Uiteindelijk zal op uw hoofd neerkomen al het onschuldige bloed dat op aarde vergoten is, van het bloed van de rechtvaardige Abel tot het bloed van Zacharias, de zoon van Berekja, die u vermoord hebt tussen de tempel en het altaar.
Ja, ik verzeker u, dat alles zal neerkomen op deze generatie.
Jeruzalem, Jeruzalem!
U doodt de profeten en stenigt hen die God u gestuurd heeft.
Ja, uw huis zal als een woestenij achterblijven.’
(Mattheus 23:27, 33-38)
Net als Paulus en de profeten, zei Jezus dat het de Joden waren die het oordeel van God zouden ondergaan. Heel Jeruzalem zou een woestenij worden. Maar dat niet alleen, de heilige tempel - het belangrijkste element van Israel - zou tot de laatste steen afgebroken worden:
‘Zijn leerlingen kwamen naar hem toe en wezen hem op de gebouwen van de tempel. ‘Ja,’ zei Jezus hun, ‘zien jullie dat alles? Ik verzeker jullie: er zal geen steen op de andere blijven staan; alles wordt met de grond gelijkgemaakt.'
(Mattheus 24:1-2)
jezus tempel verwoesting
Sommigen denken dat Gods oordeel los staat van de wederkomst, maar dat druist volkomen in tegen alles wat zowel de profeten, de apostelen als Jezus zelf zeiden over de komst van de Heer. Telkens ze spraken over Zijn komst, zeiden ze dat Hij zou komen om te oordelen. Dat blijkt eens te meer uit de vraag die de leerlingen aan Jezus stelden. Toen Hij het oordeel over Israel aankondigde, vroegen ze Hem in een adem wanneer deze dingen zouden gebeuren en wat het teken zou zijn van Zijn komst:
‘Zeg ons, wanneer zullen deze dingen gebeuren? En wat is het teken van uw komst en van de voleinding van dit tijdperk?’ (Mattheus 24:3)
Jezus voorspelde het einde van Israel
Jezus Christus, de profeten en de apostelen zeiden dus unaniem dat de komst van de Heer betekende dat Gods toorn zou worden uitgestort over Israel, omdat ze altijd Gods profeten vervolgd hadden.
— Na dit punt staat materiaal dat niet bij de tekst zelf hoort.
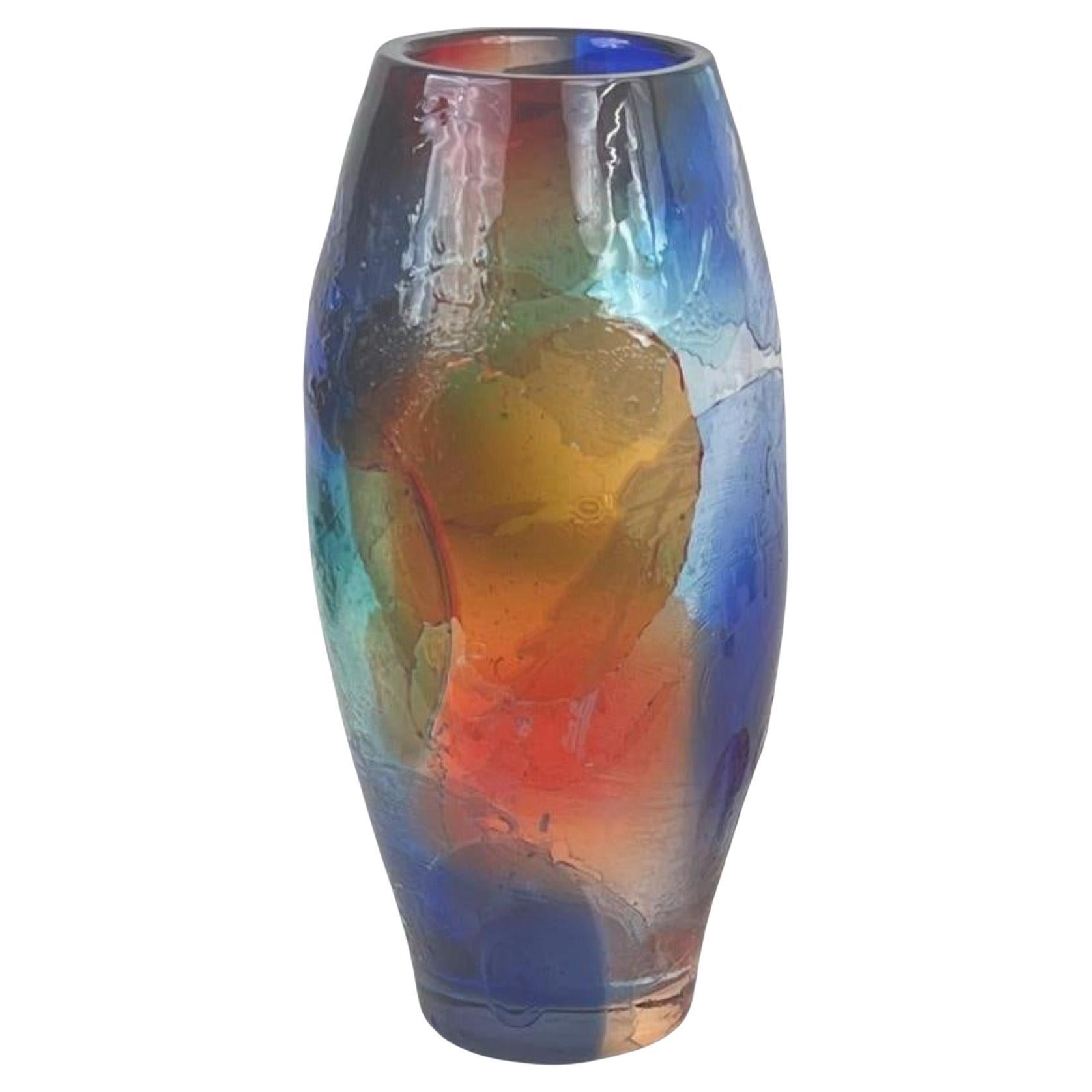 Signed Giuliano Tosi Large Colorful Murano Glass Vase For Sale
Jezus zou komen op de wolken om te vergelden, om wraak te nemen, om Zijn volk te oordelen, de maat van hun zonde was volgemaakt, de toorn was over hen gekomen tot het einde, ze zouden het oordeel niet kunnen ontlopen, Hij zou komen met vuur om te vernietigen, Jeruzalem en de tempel zouden volkomen verwoest worden.
De totale vernietiging van Jeruzalem en de tempel zou het einde betekenen van Israel zelf. Want heel Israel was gecentraliseerd rond Jeruzalem en de tempel. Deze twee elementen waren de identiteit van Israel: de heilige stad en de heilige tempel. Jezus' aankondiging dat ze allebei zouden verwoest worden, betekende niets minder dan het einde van het toenmalige Israel.
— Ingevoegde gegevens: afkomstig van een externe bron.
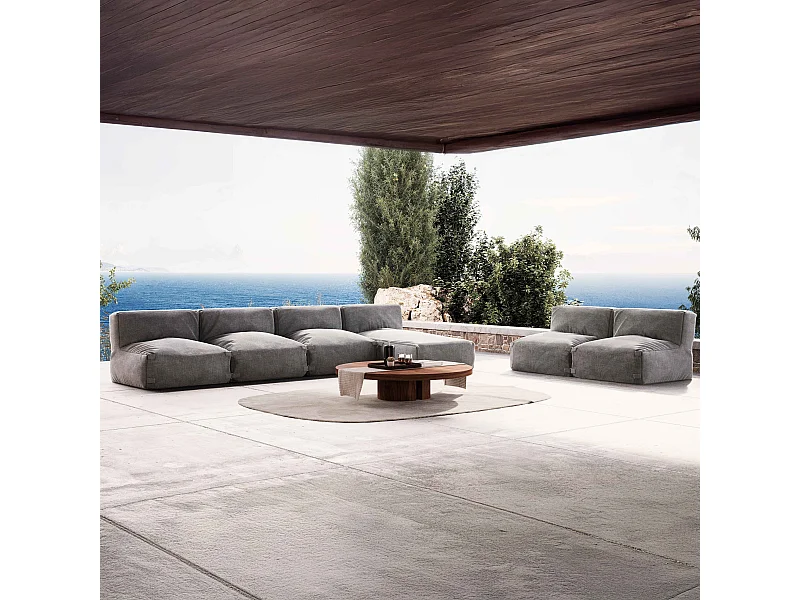 Salon de jardin modulable 6 places gris - Mixi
Daarom spraken Jezus en de apostelen altijd over het einde en de voltooing van het tijdperk. Zijn komst zou het einde betekenen van het oude Israel.
Sommige vertalingen hebben zijn woorden foutief vertaald alsof het einde van de 'wereld' zou komen. Maar dat is absoluut niet wat Jezus zei.
Telkens Jezus sprak over het einde of de voltooiing, gebruikte Hij het Griekse woord 'AION' wat niet wereld betekent, maar 'TIJDPERK'. De leerlingen vroegen Hem niet wanneer het einde van de 'wereld' zou komen, zoals verkeerde bijbelvertalingen ons wilen duidelijk maken, ze vroegen Jezus wanneer het einde zou komen van hun tijdperk. Jezus kondigde immers niet de verwoesting aan van alle steden ter wereld, Hij voorspelde de verwoesting van slechts deze ene stad: Jeruzalem!